AI Hallucination Fact-Check Protocol
Design a fact-checking protocol for AI-generated text, extending SIFT with AI-specific adaptations for hallucination detection. Use when students need to verify AI claims and citations.
What it does
Generates a fact-checking protocol specifically adapted for AI-generated text — extending the SIFT framework (Caulfield, 2019) with AI-specific moves that address the unique challenge of LLM hallucination. Standard lateral reading assumes a source has an institutional author whose funding and credibility can be investigated. This assumption breaks down for AI-generated text: there is no author to investigate, no institutional funding to check, no About Us page to scrutinise. What remains is the "Trace claims" move — and that move needs AI-specific calibration. AI hallucinations come in several forms: fabricated citations (a named study that does not exist, or exists but was never published), invented statistics (a number with plausible precision but no verifiable origin), real citations misattributed (a real paper attributed to the wrong author or journal), and false consensus claims ("most scientists agree" when no such consensus exists). Each requires a different verification move. The output includes a taxonomy of hallucination types for the subject area, an AI-adapted SIFT protocol, specific verification moves for each claim type, a Hallucination Hunt classroom activity, and a teacher modelling script showing the difference between finding a real and a fabricated citation.
The evidence behind it
Wineburg & McGrew (2017, 2019) established through empirical research that professional fact-checkers outperform both students and professors at source evaluation because they use lateral reading — immediately opening new tabs to check what external sources say about a source — rather than vertical reading (analysing the source itself for credibility cues). This research is the foundation of the SIFT framework. However, lateral reading was designed for sources with institutional identities that can be investigated. When the "source" is an LLM, the Investigate step of SIFT requires adaptation: there is no institutional identity, no funding chain, no editorial board. What survives from lateral reading is the "Trace claims" move — verifying that cited evidence exists and says what the AI claims. Caulfield's (2019) SIFT operationalisation provides the structural framework extended here. Breakstone et al. (2021) found that students are poorly equipped to evaluate online sources, relying on surface credibility markers — a vulnerability dramatically amplified by AI outputs that are fluent and authoritative-sounding. Ji et al. (2023) conducted a systematic survey of hallucination in natural language generation, documenting the prevalence and types of hallucination in LLMs: intrinsic hallucinations (contradicting source material), extrinsic hallucinations (adding unverifiable or fabricated information), and factual inconsistencies. Their taxonomy directly informs the hallucination categories in this protocol.
Sources
- Wineburg & McGrew (2017) — Lateral reading: reading less and learning more when evaluating digital information
- Wineburg & McGrew (2019) — Lateral reading and the nature of expertise
- Caulfield (2019) — SIFT: the four moves (Stop, Investigate, Find better coverage, Trace claims)

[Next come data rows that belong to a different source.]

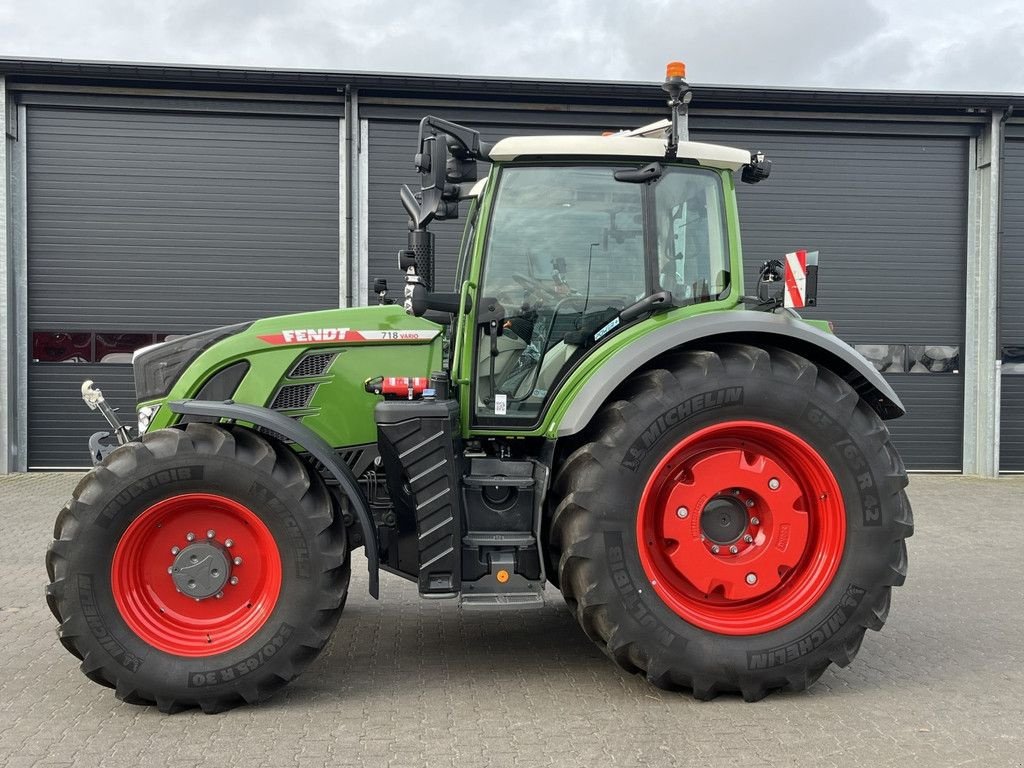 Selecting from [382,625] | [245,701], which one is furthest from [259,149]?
[245,701]

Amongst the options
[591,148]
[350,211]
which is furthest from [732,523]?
[350,211]

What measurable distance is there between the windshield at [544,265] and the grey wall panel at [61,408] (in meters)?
9.29

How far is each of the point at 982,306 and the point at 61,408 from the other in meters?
12.5

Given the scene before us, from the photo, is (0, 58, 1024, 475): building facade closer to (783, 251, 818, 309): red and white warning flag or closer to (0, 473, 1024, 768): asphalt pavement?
(0, 473, 1024, 768): asphalt pavement

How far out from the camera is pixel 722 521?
3994mm

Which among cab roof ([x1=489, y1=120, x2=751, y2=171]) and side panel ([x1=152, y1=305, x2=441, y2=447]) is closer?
cab roof ([x1=489, y1=120, x2=751, y2=171])

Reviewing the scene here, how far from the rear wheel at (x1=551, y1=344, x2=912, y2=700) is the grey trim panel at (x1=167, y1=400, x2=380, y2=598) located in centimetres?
80

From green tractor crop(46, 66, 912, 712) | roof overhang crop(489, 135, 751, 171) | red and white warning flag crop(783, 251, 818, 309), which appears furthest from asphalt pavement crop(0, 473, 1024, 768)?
roof overhang crop(489, 135, 751, 171)

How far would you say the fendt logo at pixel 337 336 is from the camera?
4.24 m

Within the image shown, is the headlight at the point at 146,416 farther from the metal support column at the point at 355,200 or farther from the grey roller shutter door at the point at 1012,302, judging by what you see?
the grey roller shutter door at the point at 1012,302

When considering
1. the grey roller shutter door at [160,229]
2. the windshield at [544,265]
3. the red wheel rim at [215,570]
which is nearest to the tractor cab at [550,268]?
the windshield at [544,265]

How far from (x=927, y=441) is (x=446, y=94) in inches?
323

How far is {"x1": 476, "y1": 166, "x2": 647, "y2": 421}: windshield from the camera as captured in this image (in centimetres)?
415

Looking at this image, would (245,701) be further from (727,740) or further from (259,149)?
(259,149) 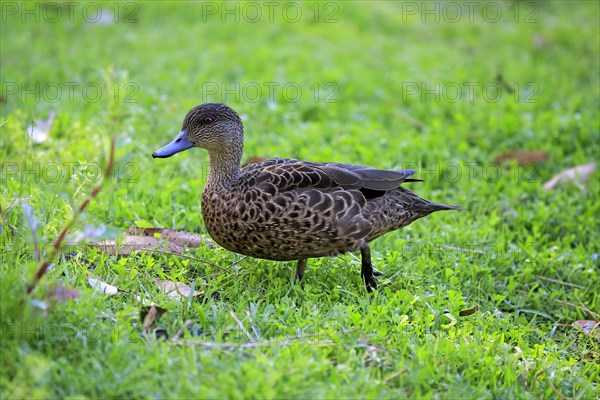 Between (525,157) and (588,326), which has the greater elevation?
(525,157)

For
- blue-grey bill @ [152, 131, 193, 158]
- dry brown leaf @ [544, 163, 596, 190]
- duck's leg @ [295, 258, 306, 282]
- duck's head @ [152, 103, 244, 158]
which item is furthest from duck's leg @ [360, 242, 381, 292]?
dry brown leaf @ [544, 163, 596, 190]

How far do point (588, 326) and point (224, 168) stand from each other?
7.85 feet

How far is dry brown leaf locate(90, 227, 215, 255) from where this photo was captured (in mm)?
4434

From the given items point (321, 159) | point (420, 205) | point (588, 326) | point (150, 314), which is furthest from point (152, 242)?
point (588, 326)

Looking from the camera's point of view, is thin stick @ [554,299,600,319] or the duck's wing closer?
the duck's wing

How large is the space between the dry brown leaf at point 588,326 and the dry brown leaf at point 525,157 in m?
2.22

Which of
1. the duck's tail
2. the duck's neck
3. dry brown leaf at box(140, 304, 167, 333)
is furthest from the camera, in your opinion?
the duck's tail

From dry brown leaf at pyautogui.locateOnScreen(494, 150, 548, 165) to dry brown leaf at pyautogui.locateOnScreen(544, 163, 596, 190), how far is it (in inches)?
11.4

- Breakstone et al. (2021) — Students' civic online reasoning: a national portrait
- Ji et al. (2023) — Survey of hallucination in natural language generation
How to use it in your lesson
For the best results with EvidenceLesson, give it:
- ai_output_context — The type of AI-generated content students are fact-checking — e.g. 'ChatGPT explanation of the French Revolution with cited historian names', 'AI research summary with statistics about teen mental health'
- student_level — Age/year group and digital literacy level
- subject_area (optional) — The discipline — affects what hallucination types are most common and how to verify claims
- hallucination_risk (optional) — The specific hallucination type most likely in this context — citation fabrication, statistical invention, event misattribution, false consensus claims
- verification_resources (optional) — What verification tools students have access to — library databases, Google Scholar, specific trusted websites
- ai_tool (optional) — Which AI tool students are fact-checking output from
Known limitations
- Verification requires time and database access. The full verification protocol — finding a study, checking the abstract, verifying the claim — takes 3-5 minutes per citation. In an essay-writing context, students may verify one or two key claims but cannot verify every AI statement. This skill teaches the verification habit, not the expectation of exhaustive fact-checking.
- Some hallucinations are genuinely hard to detect. A real paper by a real author, published in a real journal, correctly summarised but slightly out of date or from a different population — this requires reading the methods section, not just confirming the paper exists. Students with limited academic reading skills may not reach this level of verification independently.
- LLM hallucination rates vary by model and topic. Ji et al. (2023) documented hallucination across multiple models; rates vary significantly by task type and subject domain. Hallucination is less common in well-represented domains (recent high-profile science, mainstream political history) and more common in niche topics, cutting-edge research, and specialised sub-fields. Teachers should calibrate expectations accordingly.
- AI-specific applications of lateral reading have limited direct empirical validation. The lateral reading / SIFT evidence base (Wineburg & McGrew, 2017, 2019; Caulfield, 2019) is strong for general source evaluation. The AI-specific adaptations in this protocol are principled extensions of that evidence base, not independently validated interventions. The "source reconstruction" move is logically sound but has not been formally tested in educational research.